Dear Friends,
Can you please suggest me modifications to convert the following 2D DWT convolution using pytorch library to 3D DWT convolution. Where w represents the db1 wavelet filters, wt function carries out 2D wavelet convolution on image vim. Reference GitHub repository is Wavelet-U-net-Dehazing/wavelet.py at master · dectrfov/Wavelet-U-net-Dehazing · GitHub
w=pywt.Wavelet('db1')
dec_hi = torch.Tensor(w.dec_hi[::-1])
dec_lo = torch.Tensor(w.dec_lo[::-1])
rec_hi = torch.Tensor(w.rec_hi)
rec_lo = torch.Tensor(w.rec_lo)
filters = torch.stack([dec_lo.unsqueeze(0)*dec_lo.unsqueeze(1)/2.0,
dec_lo.unsqueeze(0)*dec_hi.unsqueeze(1),
dec_hi.unsqueeze(0)*dec_lo.unsqueeze(1),
dec_hi.unsqueeze(0)*dec_hi.unsqueeze(1)], dim=0)
def wt(vimg):
padded = vimg
res = torch.zeros(vimg.shape[0],4*vimg.shape[1],int(vimg.shape[2]/2),int(vimg.shape[3]/2))
res = res.cuda()
for i in range(padded.shape[1]):
res[:,4*i:4*i+4] = torch.nn.functional.conv2d(padded[:,i:i+1], Variable(filters[:,None].cuda(),requires_grad=True),stride=2)
res[:,4*i+1:4*i+4] = (res[:,4*i+1:4*i+4]+1)/2.0
everywhere where there are two things that appear, make three things appear. where 2D indexing happens, you’d want to do 3D. Where 3D indexing happens, you’d want to do 4D, etc.
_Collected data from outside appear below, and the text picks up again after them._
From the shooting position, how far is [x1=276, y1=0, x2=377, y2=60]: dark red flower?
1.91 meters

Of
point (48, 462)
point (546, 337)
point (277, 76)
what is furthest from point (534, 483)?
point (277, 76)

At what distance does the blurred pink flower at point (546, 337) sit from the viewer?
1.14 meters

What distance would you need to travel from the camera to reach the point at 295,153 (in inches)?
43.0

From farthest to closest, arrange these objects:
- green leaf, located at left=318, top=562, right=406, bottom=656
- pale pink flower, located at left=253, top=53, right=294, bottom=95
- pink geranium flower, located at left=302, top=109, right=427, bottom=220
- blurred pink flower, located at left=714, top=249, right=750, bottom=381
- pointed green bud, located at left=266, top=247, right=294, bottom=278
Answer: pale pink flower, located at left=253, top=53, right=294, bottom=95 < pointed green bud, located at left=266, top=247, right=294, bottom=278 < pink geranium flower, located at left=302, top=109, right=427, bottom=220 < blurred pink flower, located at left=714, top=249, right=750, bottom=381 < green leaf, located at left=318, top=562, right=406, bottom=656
this sounds like someone’s homework problem, and the code is fairly concise – so I’m inclined to leave these hints and let you figure it out
Thank you @smth for your valuable hints. I tried to use the following code:
res = torch.nn.functional.conv3d(padded, Variable(filters[None,:].cuda(),requires_grad=True),stride=(2,2,2)) #[:,None]
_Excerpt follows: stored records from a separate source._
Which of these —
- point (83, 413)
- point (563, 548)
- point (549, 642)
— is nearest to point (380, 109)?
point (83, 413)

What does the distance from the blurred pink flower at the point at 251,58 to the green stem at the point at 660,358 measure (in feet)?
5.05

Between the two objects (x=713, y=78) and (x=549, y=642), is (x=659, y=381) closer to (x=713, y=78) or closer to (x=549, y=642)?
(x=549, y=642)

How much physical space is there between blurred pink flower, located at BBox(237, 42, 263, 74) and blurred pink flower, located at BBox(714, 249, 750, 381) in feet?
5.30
But I am getting the error message as
RuntimeError: expected stride to be a single integer value or a list of 2 values to match the convolution dimensions, but got stride=[2, 2, 2]
The res is a zero tensor of dimension [4099, 120, 12, 12], padded is the training image tensor of dimension [4099, 30, 25, 25], and filters are DWT coefficients of db1 wavelet with dimension [4, 2, 2].
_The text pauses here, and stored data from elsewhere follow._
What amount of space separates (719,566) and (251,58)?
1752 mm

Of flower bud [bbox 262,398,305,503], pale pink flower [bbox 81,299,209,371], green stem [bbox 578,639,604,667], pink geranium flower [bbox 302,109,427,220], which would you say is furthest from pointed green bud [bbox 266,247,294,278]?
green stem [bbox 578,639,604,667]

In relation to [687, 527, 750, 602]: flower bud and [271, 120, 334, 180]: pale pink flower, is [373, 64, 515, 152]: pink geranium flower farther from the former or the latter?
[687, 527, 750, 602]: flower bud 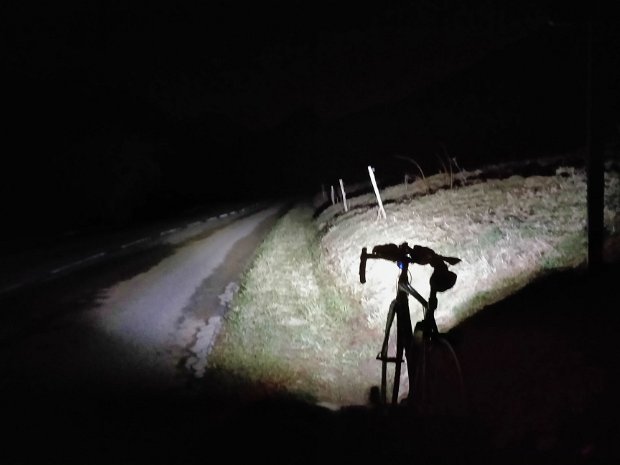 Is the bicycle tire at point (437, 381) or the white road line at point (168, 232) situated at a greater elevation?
the bicycle tire at point (437, 381)

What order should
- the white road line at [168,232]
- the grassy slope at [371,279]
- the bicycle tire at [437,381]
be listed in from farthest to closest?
1. the white road line at [168,232]
2. the grassy slope at [371,279]
3. the bicycle tire at [437,381]

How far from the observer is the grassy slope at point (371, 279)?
7.90 m

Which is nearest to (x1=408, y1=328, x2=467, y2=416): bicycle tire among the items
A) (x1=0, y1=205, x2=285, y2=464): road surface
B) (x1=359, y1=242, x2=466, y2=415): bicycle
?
(x1=359, y1=242, x2=466, y2=415): bicycle

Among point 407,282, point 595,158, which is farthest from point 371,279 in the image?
point 407,282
I would like to add a note to your reply that this is a research work to classify remote sensing images using wavelet convolution.
The res is a zero tensor of dimension [4099, 120, 12, 12], padded is the training image tensor of dimension [4099, 30, 25, 25], and filters are DWT coefficients of db1 wavelet with dimension [4, 2, 2].
These shapes sounds wrong as conv3d layers would expect a 5D tensor (batched) or a 4D tensor (unbatched) in the shapes [batch_size, channels, depth, height, width] or [channels, depth, height, width], respectively.
Also the filters should have 5 dimensions in [out_channels, in_channels, depth, height, width].
But there are 4099 training image cubes with height = 25, width = 25 and depth = 30 (That indicate channels). The code suggested by you may need some modification. Please respond.
batch_size = 4099
channels = ?
depth, height, width = 30, 25, 25
input = torch.randn(batch_size, channels, depth, height, width, device=device)
The filter values of size 2,2 are duplicated to 4 and converted to (4,1,2,2) in case of 2D DWT
what would be the values for kernel when I change it to 3D filter.
out_channels = 120
kd, kh, kw = ?, 2, 2 # kernel size
weight = nn.Parameter(torch.randn(out_channels, channels, kd, kh, kw, device=device))
res = torch.nn.functional.conv3d(input, weight, stride=(2,2,2))
print(res.shape)